- Bir padişahın üç oğlu vardı. Üçü de anlayışlı, görgülüydü.
- بود شاهی شاه را بد سه پسر ** هر سه صاحبفطنت و صاحبنظر
- Her biri, öbürlerinden daha değerli, cömertlikte yiğitlikte, savaş eri olmada öbürlerinden üstündü.
- هر یکی از دیگری استودهتر ** در سخا و در وغا و کر و فر
- Şehzadeler, padişahın tapısında toplandılar. Âdeta padişahın iki gözünün nuru üç tane mumdular. 3585
- پیش شه شهزادگان استاده جمع ** قرة العینان شه همچون سه شمع
- Babanın ağaca benzeyen vücudu, gizli bir yol vasıtasıyla oğul’ un iki gözünden su alır, gıdalanır.
- از ره پنهان ز عینین پسر ** میکشید آبی نخیل آن پدر
- Oğuldan coşan bu kaynak ananın, babanın bahçelerine kadar akar gider.
- تا ز فرزند آب این چشمه شتاب ** میرود سوی ریاض مام و باب
- Anayla babanın gönül ve hayat bahçeleri bu suretle yeşerir, tazeleşir. Onun gözleri, bu iki ırmak yüzünden yaşarır, gözyaşı döker.
- تازه میباشد ریاض والدین ** گشته جاری عینشان زین هر دو عین
- Kaynak hastalanıp kötüleşirse o ağacın dalları, yaprakları da kurur.

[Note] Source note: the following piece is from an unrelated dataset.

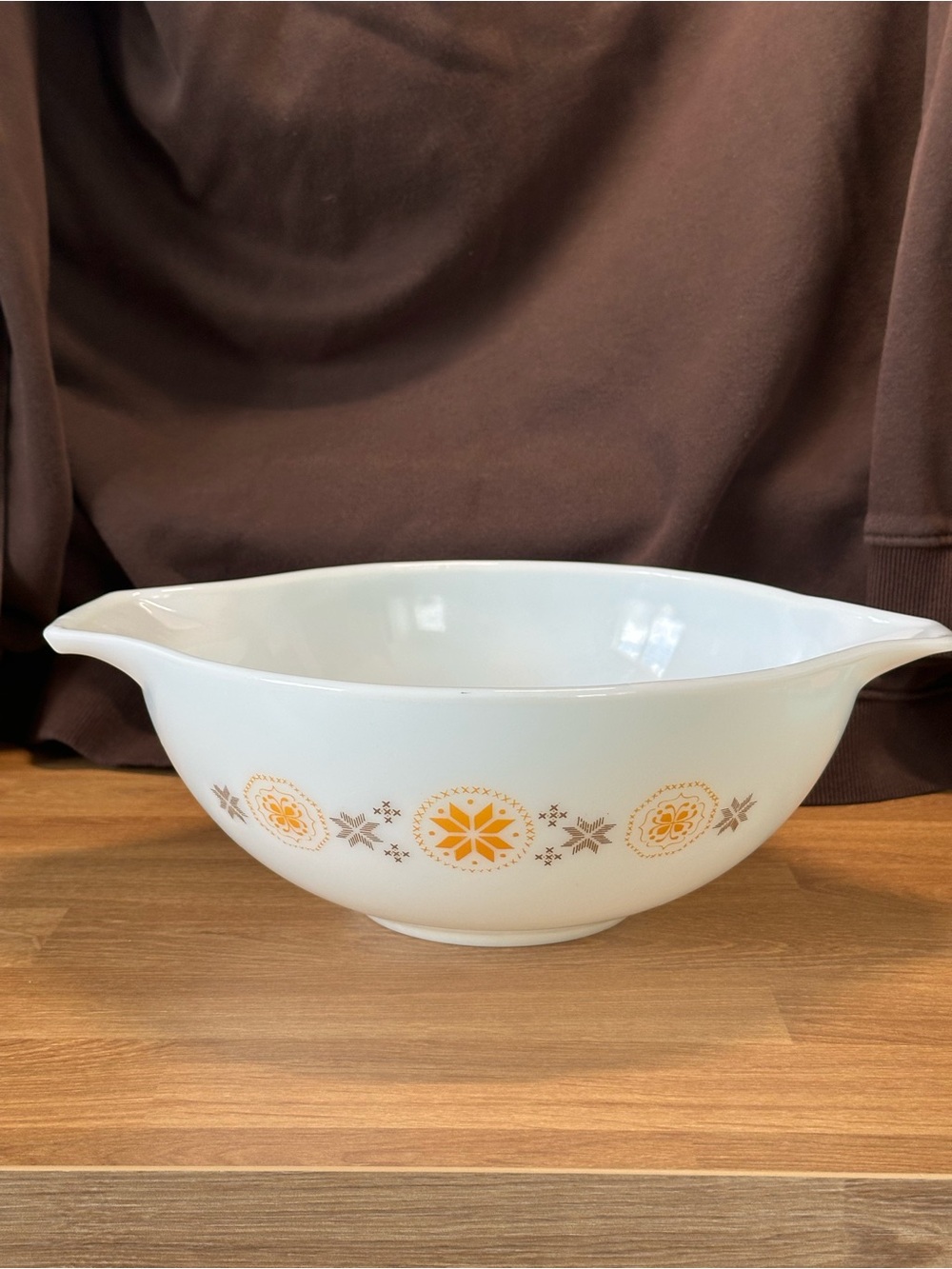 Vintage Pyrex Town & Country 444 Cinderella Bowl 4 Qt Orange Brown 1960s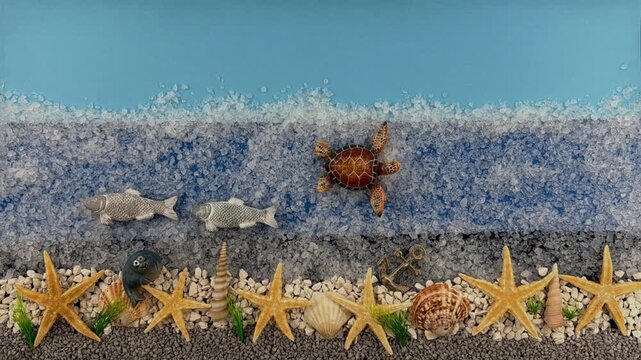 Stop Motion Animation of Sea Life and Sailboat on Salt Crystal Ocean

- چون شود چشمه ز بیماری علیل ** خشک گردد برگ و شاخ آن نخیل
- O ağaç kurumaya başlar, çünkü oğulun vücudundan sulanıyor, gıdalanıyordu. 3590
- خشکی نخلش همیگوید پدید ** که ز فرزندان شجر نم میکشید
- Nice böyle gizli su yolları vardır ki ey gafiller, sizin canınıza ulanmıştır
- ای بسا کاریز پنهان همچنین ** متصل با جانتان یا غافلین
- Gökten, yerden nice sular çektin de vücudun böyle semirdi.